Irène Némirovsky no pertenecía a esa clase de escritores que se sienten observados por la posteridad mientras escriben una carta. Jamás pensó que nadie, salvo sus destinatarios, leería su correspondencia, ni que ésta acabaría formando parte de su obra. Puesto que ha llegado a serlo, hay que tener en cuenta que supone una especie de cara oculta. Ciertamente, no habla en ellas de técnica narrativa, por ejemplo (un tema que le apasionaba), ni siquiera con Gaston Chérau, a quien solía pedir consejos profesionales. «Cuando escribo un libro», le confesaba a René Lalou en 1938, «siento una especie de pudor inexplicable que me impide hablar de él incluso con las personas más cercanas». Seguro que ese pudor no estaría muy alejado del orgullo de sentirse comprendida sólo por sí misma. Pero, pese a esa reticencia, su obra es el tema principal de sus cartas, en las que a menudo la descubrimos maternalmente atenta a las condiciones de publicación de sus libros. (Luego, con el paso de los años, su marido, Michel Epstein tomó una parte cada vez más activa en la defensa de los intereses de la autora frente a las editoriales y los grandes semanarios en los que publicaba.) Esa constante preocupación refleja la fecundidad de una escritora dedicada de lleno a la producción de una obra que, entre 1926 y 1942, alcanza la cifra de dieciséis novelas y más de cincuenta relatos, a los que hay que añadir el triple de esbozos, borradores y notas, cuya elaboración ocupa la mayor parte de su jornada diaria.

También encontraremos aquí algunas de sus respuestas a las críticas.
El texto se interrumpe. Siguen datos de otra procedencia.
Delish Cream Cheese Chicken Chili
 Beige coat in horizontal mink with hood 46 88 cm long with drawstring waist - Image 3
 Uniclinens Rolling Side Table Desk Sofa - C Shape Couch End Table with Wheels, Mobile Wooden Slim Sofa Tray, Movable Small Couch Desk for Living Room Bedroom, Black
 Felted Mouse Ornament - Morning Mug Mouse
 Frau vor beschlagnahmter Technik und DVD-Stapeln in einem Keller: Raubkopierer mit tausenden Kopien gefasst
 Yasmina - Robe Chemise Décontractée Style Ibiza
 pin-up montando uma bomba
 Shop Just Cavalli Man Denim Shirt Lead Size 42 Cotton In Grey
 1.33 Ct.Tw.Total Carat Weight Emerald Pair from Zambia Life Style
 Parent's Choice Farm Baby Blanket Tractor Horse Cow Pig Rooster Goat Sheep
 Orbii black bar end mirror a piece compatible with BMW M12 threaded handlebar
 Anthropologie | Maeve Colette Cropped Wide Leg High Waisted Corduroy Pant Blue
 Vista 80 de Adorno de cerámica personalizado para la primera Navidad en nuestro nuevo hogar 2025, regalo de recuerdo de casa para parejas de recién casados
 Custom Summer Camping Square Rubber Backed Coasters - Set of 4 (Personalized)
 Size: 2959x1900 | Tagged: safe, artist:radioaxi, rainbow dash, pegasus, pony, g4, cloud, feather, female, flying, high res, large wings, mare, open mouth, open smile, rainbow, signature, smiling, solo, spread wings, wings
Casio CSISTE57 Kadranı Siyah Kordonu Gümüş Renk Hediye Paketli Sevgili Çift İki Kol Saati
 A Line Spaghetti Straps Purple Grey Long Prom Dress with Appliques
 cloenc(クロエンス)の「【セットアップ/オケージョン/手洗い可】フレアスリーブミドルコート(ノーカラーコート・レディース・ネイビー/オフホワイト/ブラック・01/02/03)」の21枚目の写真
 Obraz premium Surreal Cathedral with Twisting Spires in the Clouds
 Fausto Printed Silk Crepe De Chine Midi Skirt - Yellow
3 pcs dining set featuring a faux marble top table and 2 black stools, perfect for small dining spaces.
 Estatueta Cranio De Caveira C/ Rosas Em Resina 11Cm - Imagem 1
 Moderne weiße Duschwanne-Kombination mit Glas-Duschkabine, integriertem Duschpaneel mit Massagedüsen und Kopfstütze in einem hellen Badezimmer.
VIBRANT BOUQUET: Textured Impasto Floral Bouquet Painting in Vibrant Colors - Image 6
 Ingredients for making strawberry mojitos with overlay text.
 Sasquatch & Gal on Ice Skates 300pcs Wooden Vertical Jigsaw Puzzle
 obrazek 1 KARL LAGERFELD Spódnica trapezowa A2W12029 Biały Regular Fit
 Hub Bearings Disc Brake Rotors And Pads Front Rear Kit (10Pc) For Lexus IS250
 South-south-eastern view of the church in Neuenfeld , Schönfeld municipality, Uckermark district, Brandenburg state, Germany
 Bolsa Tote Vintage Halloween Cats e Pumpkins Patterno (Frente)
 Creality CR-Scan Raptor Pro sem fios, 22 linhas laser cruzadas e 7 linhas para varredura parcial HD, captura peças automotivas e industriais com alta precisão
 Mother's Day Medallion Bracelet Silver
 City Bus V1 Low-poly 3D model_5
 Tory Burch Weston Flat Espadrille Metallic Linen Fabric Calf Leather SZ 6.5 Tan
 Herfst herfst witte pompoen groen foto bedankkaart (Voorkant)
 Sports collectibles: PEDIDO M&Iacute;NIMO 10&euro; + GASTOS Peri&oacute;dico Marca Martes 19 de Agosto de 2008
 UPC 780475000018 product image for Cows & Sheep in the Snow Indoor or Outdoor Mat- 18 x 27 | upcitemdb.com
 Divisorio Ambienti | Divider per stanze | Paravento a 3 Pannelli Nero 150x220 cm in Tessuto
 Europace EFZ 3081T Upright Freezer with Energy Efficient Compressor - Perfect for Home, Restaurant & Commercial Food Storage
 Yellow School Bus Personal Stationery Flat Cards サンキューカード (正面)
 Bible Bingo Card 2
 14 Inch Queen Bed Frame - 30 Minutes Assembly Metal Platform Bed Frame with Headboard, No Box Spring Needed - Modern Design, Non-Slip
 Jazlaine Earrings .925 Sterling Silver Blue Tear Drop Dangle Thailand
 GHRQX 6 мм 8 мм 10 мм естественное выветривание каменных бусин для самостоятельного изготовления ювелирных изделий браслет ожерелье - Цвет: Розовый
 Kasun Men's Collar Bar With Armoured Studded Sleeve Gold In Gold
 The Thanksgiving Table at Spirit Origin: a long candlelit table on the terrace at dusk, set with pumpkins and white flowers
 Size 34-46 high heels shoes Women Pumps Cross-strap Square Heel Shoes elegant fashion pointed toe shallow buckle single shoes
A menudo, no son más que triviales y corteses notas de agradecimiento, pero la cantidad de cartas breves y más o menos convencionales enviadas a oscuros corresponsales de todos los rincones de Francia —y que hoy vemos subastadas o vendidas por catálogo a precios de escándalo— demuestra la importancia que daba nuestra autora a la difusión y la reseña de sus libros. La humildad de la que hace gala, su conformidad con las críticas, la fingida libertad que da a los periódicos para retocar sus relatos a su antojo contrastan con la pasión y el amor propio que reflejan sus manuscritos.

Su relación epistolar con otros escritores —Henry Bernstein, Jacques-Émile Blanche, Henri de Régnier, Gabriel Marcel, Jacques Chardonne, etcétera—, ocasional y rara vez familiar, estuvo siempre marcada por un respeto de las convenciones, una prudencia y una modestia sorprendentes, sazonadas en algunas ocasiones con una gota de malicia o una pizca de adulación, pero nunca empañadas por la falta de sinceridad. Por un lado, la novelista, con poder absoluto sobre sus personajes y su obra; por el otro, una mujer que no muestra nada de eso en sus cartas. En ellas, sus dudas, sus miedos, sus interrogantes se expresan sin la rabia y la ironía características de sus novelas; más bien con sutil autoburla, como en sus cartas a monseñor Ghika, que la bautizará en febrero de 1939.

Correspondencia parcial, inevitablemente: aunque sus destinatarios conservaron la mayor parte de las cartas escritas por la novelista y hoy pueden consultarse en diversos archivos y colecciones privadas, no ocurre lo mismo con las que ella recibió, destruidas probablemente tras la guerra por los nuevos inquilinos del piso de París en el que la autora las dejó en abril de 1940 para refugiarse con sus hijas en el pueblo borgoñón de Issy-l’Évêque.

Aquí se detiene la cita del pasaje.